The rare element beryllium is mainly known for being a component of emeralds, aquamarines, and other precious stones. However, in "Nature Communications", an international team of scientists from the University of Bayreuth now reports on a very unusual discovery: Under a pressure 880,000 times higher than the pressure of the Earth's atmosphere, beryllium atoms in a phosphate crystal surround themselves with six neighbouring atoms instead of the usual four. Actually, this crystal structure was theoretically predicted five decades ago, but it was only during high-pressure experiments at the Deutsches Elektronensynchrotron (DESY) in Hamburg that it has now been observed for the first time.
Prof. Dr. Leonid Dubrovinsky and Dr. Maxim Bykov from the Bavarian Geo Institute were involved in the research work on the part of the University of Bayreuth, as were Georgios Aprilis and Dr. Anna Pakhomova from the Working Group for Material Physics and Technology under Extreme Conditions in the Laboratory for Crystallography.
Originally, science considered it impossible for beryllium atoms in crystals to have more than four neighbouring atoms. This seemed to be incompatible with the crystal-chemical laws for a long time. "But about 50 years ago, theorists suggested that higher co-ordinations might actually be possible, even though these have stubbornly eluded experimental confirmation in inorganic compounds ever since," reports Dr. Anna Pakhomova, a beamline scientist at DESY and post-doctoral researcher preparing a habilitation thesis at Bayreuth University.
High-pressure experiments at DESY's X-ray light source PETRA III have made empirical proof possible for the first time. The researchers examined samples of the phosphate crystal hurlbutite, a rare mineral consisting of calcium, beryllium, phosphorus and oxygen (CaBe2P2O8), which occurs naturally on the earth's surface. Under normal environmental conditions, each beryllium atom only has four oxygen atoms as neighbours. At 700,000 times atmospheric pressure, however, the crystal structure changes so fundamentally that beryllium atoms gain a fifth neighbour. Meanwhile, an atmospheric pressure 880,000 times that at sea-level generates new structural changes that give rise to even a sixth neighbour.
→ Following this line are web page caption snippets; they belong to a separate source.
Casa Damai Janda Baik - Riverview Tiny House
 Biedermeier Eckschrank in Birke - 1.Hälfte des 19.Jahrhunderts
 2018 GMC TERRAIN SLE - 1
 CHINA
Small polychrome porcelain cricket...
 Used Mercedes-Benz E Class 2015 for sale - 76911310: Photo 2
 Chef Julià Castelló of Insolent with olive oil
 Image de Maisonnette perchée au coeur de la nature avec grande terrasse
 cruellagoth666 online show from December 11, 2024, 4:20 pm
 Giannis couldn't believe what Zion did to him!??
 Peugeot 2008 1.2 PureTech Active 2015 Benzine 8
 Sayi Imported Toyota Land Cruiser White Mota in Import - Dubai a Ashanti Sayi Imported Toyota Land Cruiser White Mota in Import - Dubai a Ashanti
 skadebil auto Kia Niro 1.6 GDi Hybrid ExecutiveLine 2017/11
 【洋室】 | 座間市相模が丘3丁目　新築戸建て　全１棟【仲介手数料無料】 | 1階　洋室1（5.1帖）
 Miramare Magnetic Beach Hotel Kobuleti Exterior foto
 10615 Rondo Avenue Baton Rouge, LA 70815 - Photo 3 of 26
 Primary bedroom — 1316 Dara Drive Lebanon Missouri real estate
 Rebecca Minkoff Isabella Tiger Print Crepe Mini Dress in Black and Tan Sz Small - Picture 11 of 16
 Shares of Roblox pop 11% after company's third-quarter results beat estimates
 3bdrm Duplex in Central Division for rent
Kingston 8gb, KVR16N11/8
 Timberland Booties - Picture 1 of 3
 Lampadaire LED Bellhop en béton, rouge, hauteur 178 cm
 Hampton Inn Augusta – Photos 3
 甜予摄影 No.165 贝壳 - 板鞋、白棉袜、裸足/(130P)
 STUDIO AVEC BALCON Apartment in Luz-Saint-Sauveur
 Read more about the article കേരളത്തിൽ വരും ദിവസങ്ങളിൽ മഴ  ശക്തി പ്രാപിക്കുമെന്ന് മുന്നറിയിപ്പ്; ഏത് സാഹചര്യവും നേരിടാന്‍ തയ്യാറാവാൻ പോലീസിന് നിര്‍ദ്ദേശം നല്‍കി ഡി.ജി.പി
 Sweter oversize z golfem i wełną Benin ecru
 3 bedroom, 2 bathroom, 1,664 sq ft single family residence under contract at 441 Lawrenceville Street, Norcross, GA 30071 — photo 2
"Although there are currently no technological applications for the new crystals, they are broadening the horizons of materials science. They show us that no irrevocable chemical certainties can be derived from normal conditions on the earth's surface. Extreme conditions and rare phenomena, which we can only create and observe in the laboratory using sophisticated technology, are actually normal in many places in the universe", says Prof. Dr. Leonid Dubrovinsky.